How Technology is Changing the Role of the Travel Manager

The job of a travel manager requires a lot of juggling, micromanaging, and — vitally — evolving. You must be flexible enough to not just roll with the trends but stay on top of them. Changing technology makes this part of your role a daily focus.

Artificial intelligence and machine learning systems are everywhere. Research shows that these capabilities will impact more than half of jobs within the next decade, including travel managers. Those who know how to work alongside machines will have priority over people who aren’t tech-savvy.

If you’re just starting out or watching the shift so you can grow with it, check out these predictions of how technology will change the role of travel managers in the near future.

1. All-in-One Mobile Solutions

The days of being tied down to your desktop office computer are long over.
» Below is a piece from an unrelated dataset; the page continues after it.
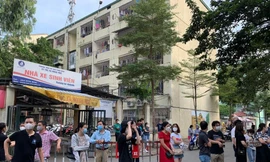 Khốc liệt cuộc thi vào lớp 6 tại trường THCS chuyên Ngoại ngữ năm học 2022-2023. Ảnh: Đỗ Hợp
Now, mobile solutions make it possible to connect your programs, data, and staff in one place.

Platforms such as Slack and Airtable are designed for team communication and sharing files. These all-in-one programs make it simple for managers to organize projects like trips. At a glance, you can see who is working on what part of the planning process, what still has to be done, and where you need to step in.

Requests from team members are housed on a central dashboard. You can see instantly whether your purchase approvals are pending or if your traveler has a non-urgent but important concern.

Company documents, including your corporate travel policy, are also stored in the platform, making it simple for travelers on the go to find answers to their questions. Teams can communicate from anywhere around the world as long as they have an active internet connection and their mobile device.

For digital nomads, having access to banks for digital nomads is crucial. Fortunately, with all-in-one mobile solutions, they can manage their finances efficiently while staying on the move.

2. Virtual Payments

Virtual cards are a rising trend in the travel industry, predicted to become one of the dominant payment methods for corporate travelers. 

These cards, called VCCs, come with many benefits for a travel manager. In the past, delegating booking to your employee meant giving them access to the corporate credit card, a big security no-no. With a VCC, each employee has a one-time-use card connected to the main account. You set the limits and determine what is authorized or unauthorized.

Because these credit cards are virtual and only valid for one use, there is less of a chance of fraud. Instead of using your company’s credit card to book a hotel or flight, then chancing that number getting stolen, you use the virtual card for that transaction. If it’s stolen, the thief does not have access to your bank account.

In short, you control the spending but don’t have to do everything yourself or authorize every transaction anymore. 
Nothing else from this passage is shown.